I have reservations about allowing fully-invite based registrations on lemmy instances. While I do think it might be good to have invites as a way for users to skip filling out an application I don't really like the idea of requiring them like Tildes does, makes it feel like an elitist exclusive club of sorts having to beg for an invite from users. I don't think it should be an alternative to application-based registration, but rather a supplement to it, if someone can get an invite from users that's great but if not they should still be able to write an application to join, this could be extensive and also lower priority since you could get invites but should still be an option available.
Account requirements really depends on what they are and what they restrict (also who on the instance is allowed to impose restrictions). For example on instances with downvotes enabled I think score/upvote requirements are a bad idea since it essentially means that people who disagree are locked out, like on Reddit with karma restrictions, I do not support this, it creates an echo-chamber where unpopular opinions.

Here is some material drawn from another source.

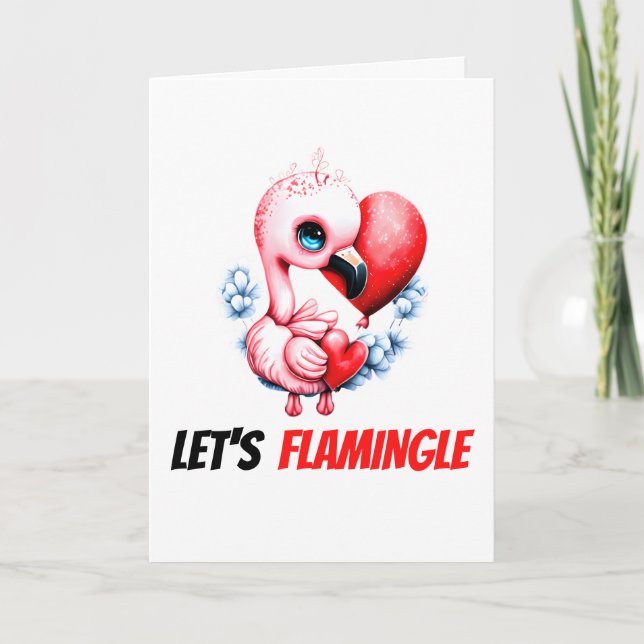 Flamingo pun | Cute baby flamingo flamingle bff Holiday Card (Front)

It'll also lead to upvote farming if there are negatives due to having a lower score.
Comment or post requirements would just lead to post or comment farming similar to vote farming, though it's not as bad as score-requirements since people making posts and comments naturally (whether they are liked or not) can't be taken away by other people based on opinions (only if they break the rules and get posts removed, which isn't even remotely similar since they broke the rules).

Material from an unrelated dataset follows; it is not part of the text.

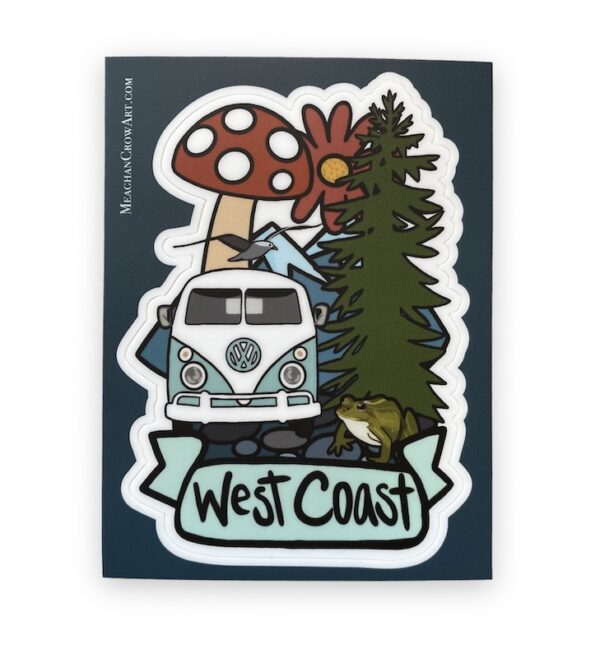 west coast sticker with VW van, evergreen tree, big mushroom, mountain and flower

Limiting image uploading is a fair requirement in my opinion since uploads can be particularly harmful if the uploads are malicious, and also uploads aren't really needed since people can externally host almost all their images without the need for uploads.
When it comes to DMs and restrictions around them I feel like that should be up to individual users to decide to allow private communication from certain users or not, or even to allow DMs at all, this shouldn't be something globally applied to people, maybe it could be a default in User settings and have a requirement set by the Admins but people should be able to turn it off if they don't care or want to accept messages from new users, I know I certainly will, I hate being nannied when it comes to who's allowed to send me messages, IMO Annoying or uncomfortable DMs are a fact of life and I prefer to deal with issues when they happen rather than block anyone who's a new user that might want to talk to me, it's one of the things I hated that Reddit does without giving me the option to opt out and receive messages from everyone.
I think having a Machine-Learning based system to identify Malicious images is actually a pretty good idea going forward, I know how some people feel about AI and Machine-Learning but I think it's probably our best defense considering that none of us want to see it, it might have False positives but I'd rather than than to allow CSAM to live here. Ultimately the choice is have ML scanning or Disable pictrs here, I think ML is the better option because people are going to want to have Avatars and without pictrs that isn't possible (unless Lemmy adds support to the UI for externally hosted Avatars and Banners).